> **What is being asked**: When the line with "ETH, SOL, FIRE: Top" appears below, start repeating lines exactly, and keep going through the line with "STAT Prefix Tree"; add nothing outside that span.

> **Records**:
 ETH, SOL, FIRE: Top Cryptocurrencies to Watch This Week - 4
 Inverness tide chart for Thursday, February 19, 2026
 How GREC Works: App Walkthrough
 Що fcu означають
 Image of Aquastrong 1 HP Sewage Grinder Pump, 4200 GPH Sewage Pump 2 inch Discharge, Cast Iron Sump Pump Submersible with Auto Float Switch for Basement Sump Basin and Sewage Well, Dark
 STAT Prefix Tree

...

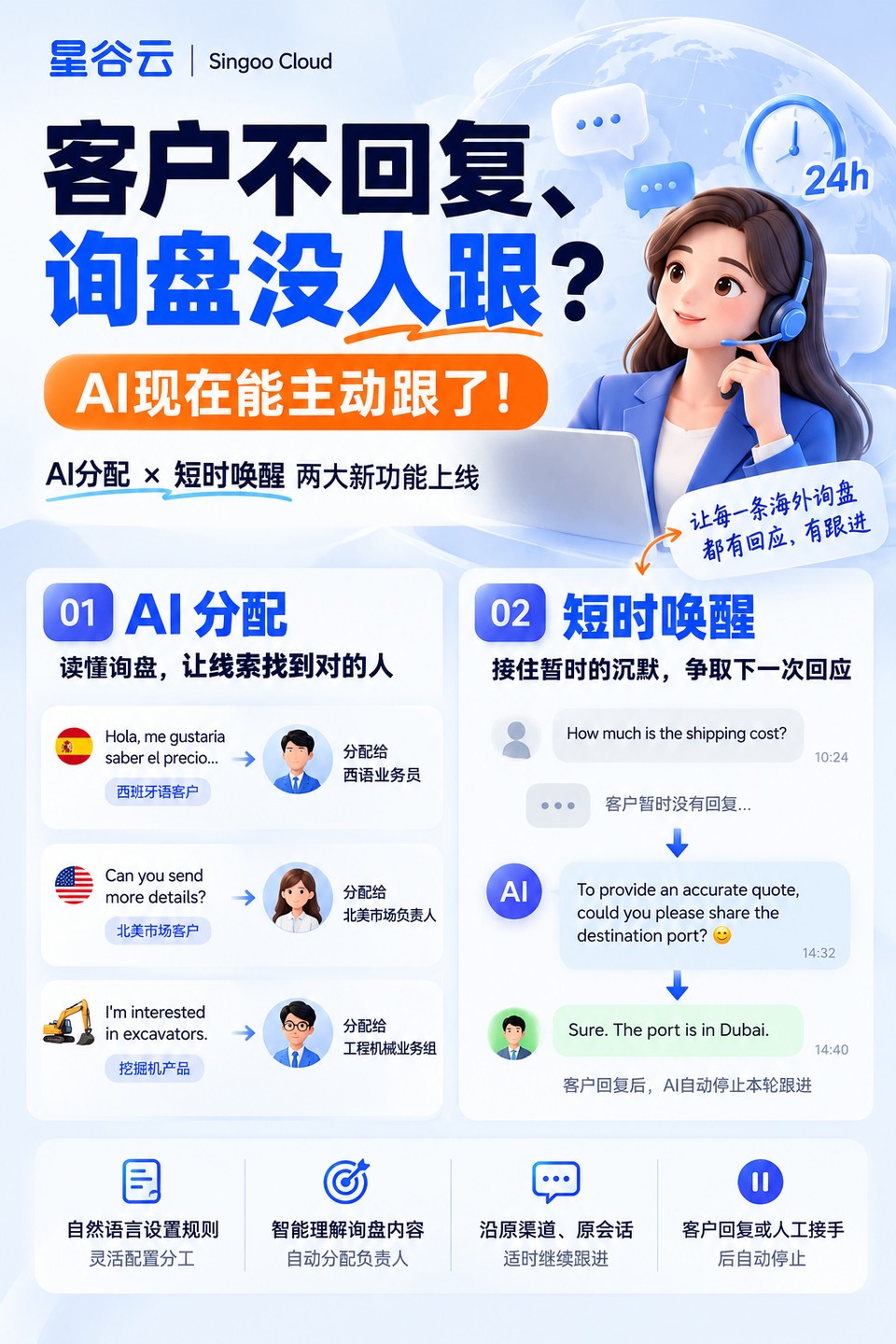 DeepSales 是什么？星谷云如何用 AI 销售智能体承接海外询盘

...

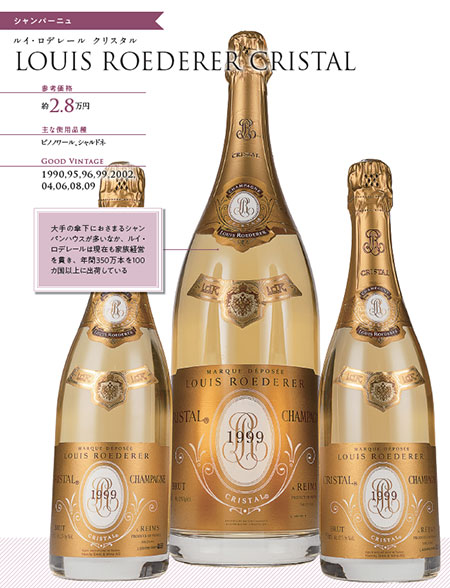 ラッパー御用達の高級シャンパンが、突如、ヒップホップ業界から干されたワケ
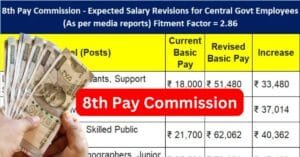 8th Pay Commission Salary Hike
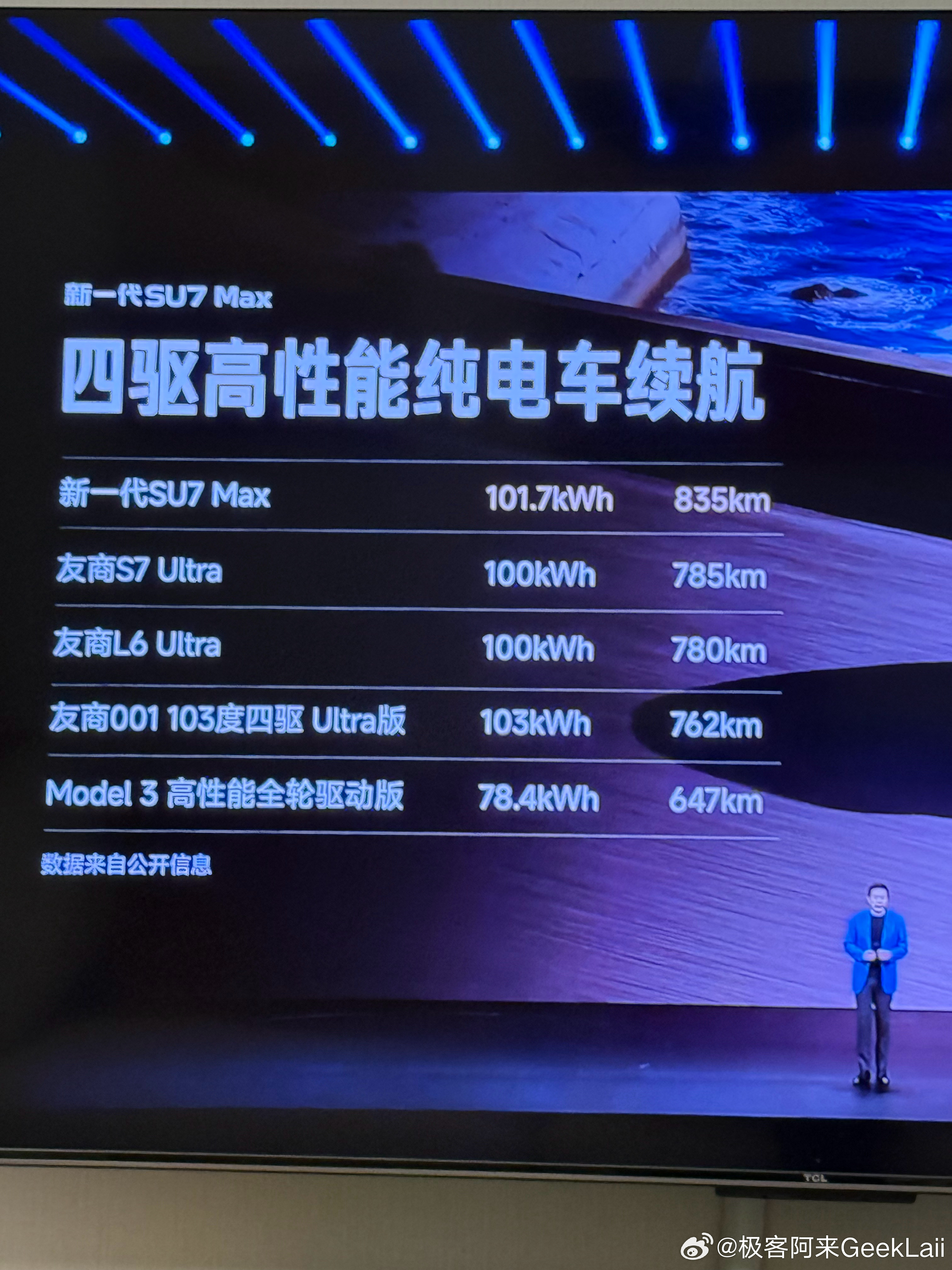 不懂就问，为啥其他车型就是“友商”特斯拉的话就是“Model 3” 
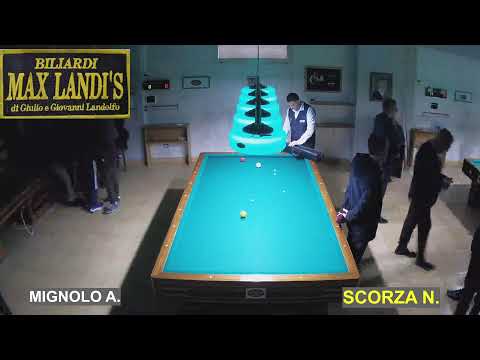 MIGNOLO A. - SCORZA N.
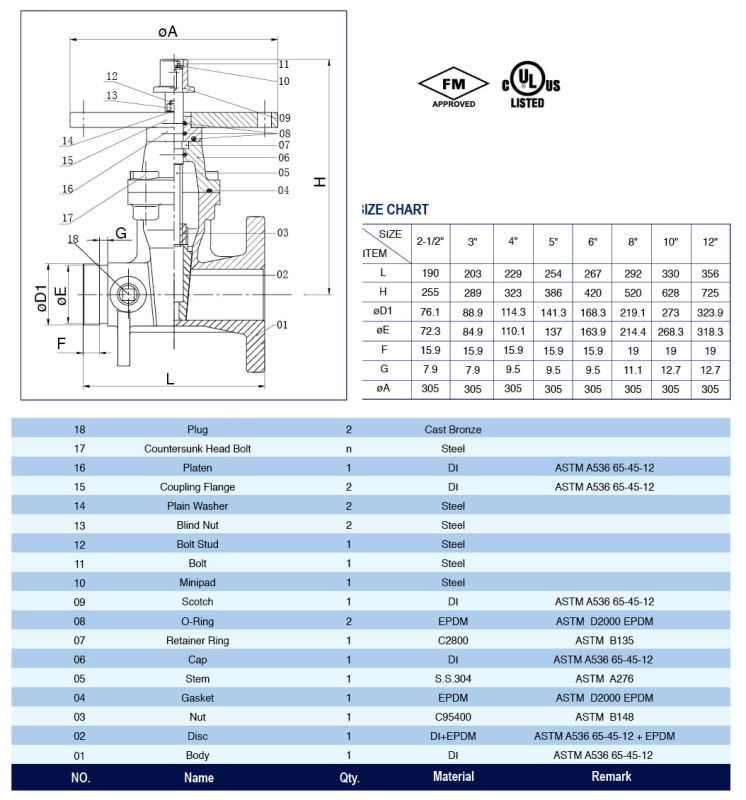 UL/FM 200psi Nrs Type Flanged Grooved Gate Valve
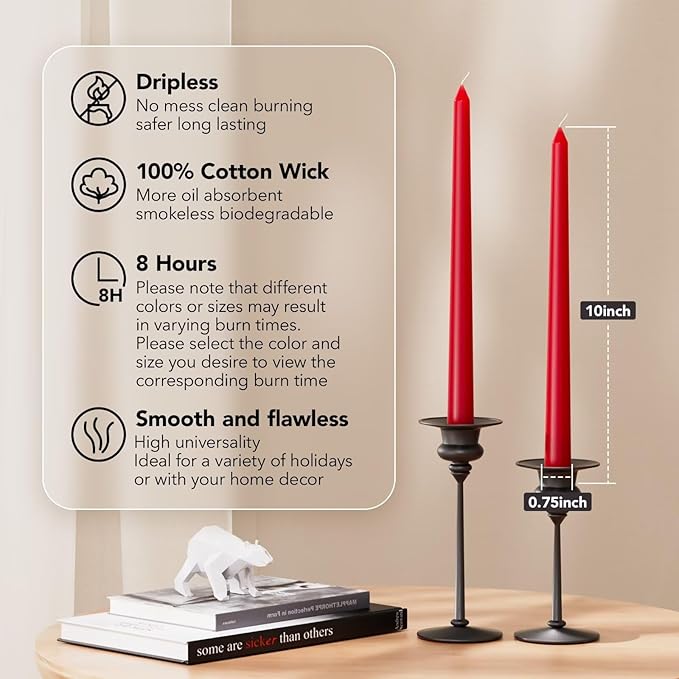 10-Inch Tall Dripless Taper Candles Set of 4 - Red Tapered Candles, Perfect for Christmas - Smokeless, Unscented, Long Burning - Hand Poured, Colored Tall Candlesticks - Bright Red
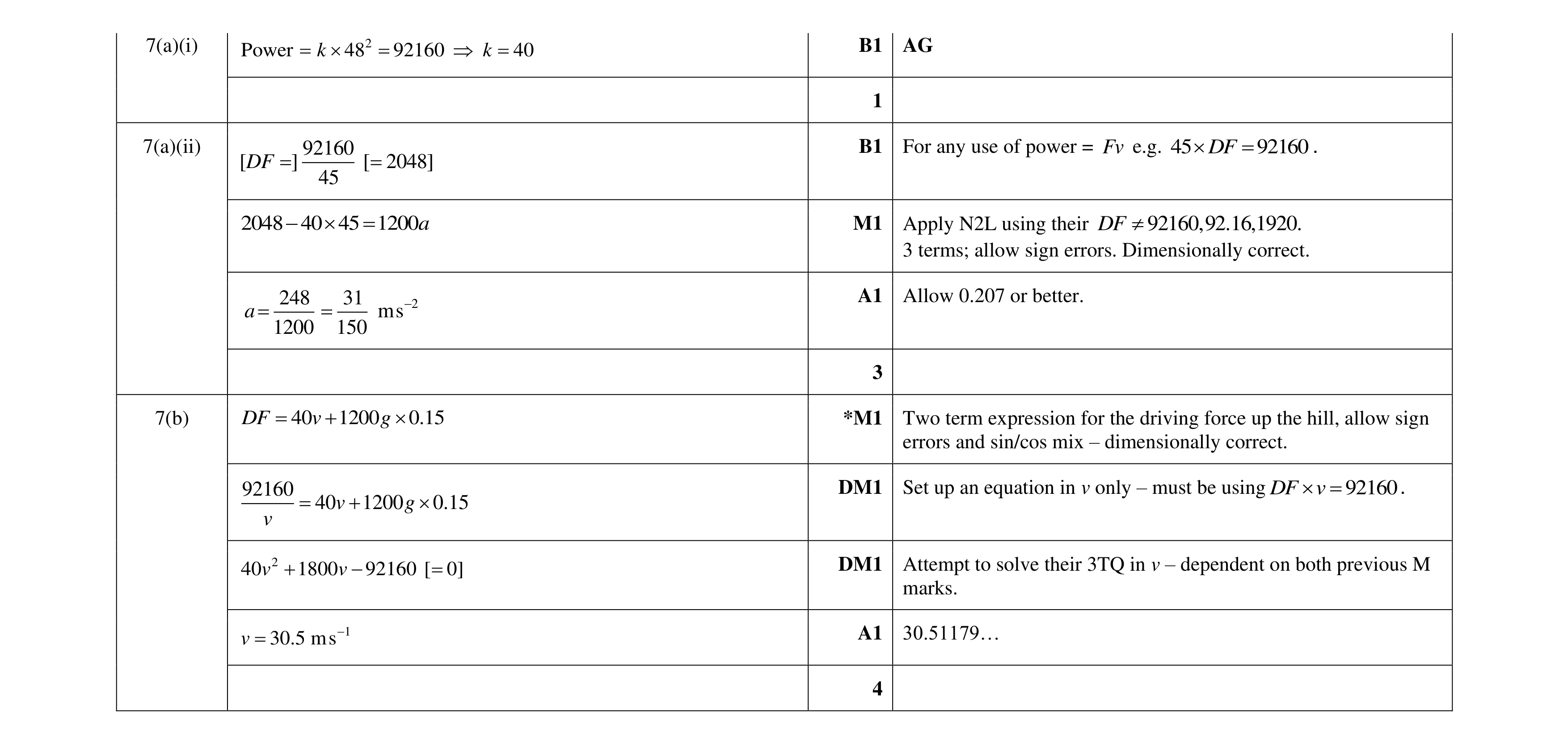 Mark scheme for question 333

> **Exercise response**:
 ETH, SOL, FIRE: Top Cryptocurrencies to Watch This Week - 4
 Inverness tide chart for Thursday, February 19, 2026
 How GREC Works: App Walkthrough
 Що fcu означають
 Image of Aquastrong 1 HP Sewage Grinder Pump, 4200 GPH Sewage Pump 2 inch Discharge, Cast Iron Sump Pump Submersible with Auto Float Switch for Basement Sump Basin and Sewage Well, Dark
 STAT Prefix Tree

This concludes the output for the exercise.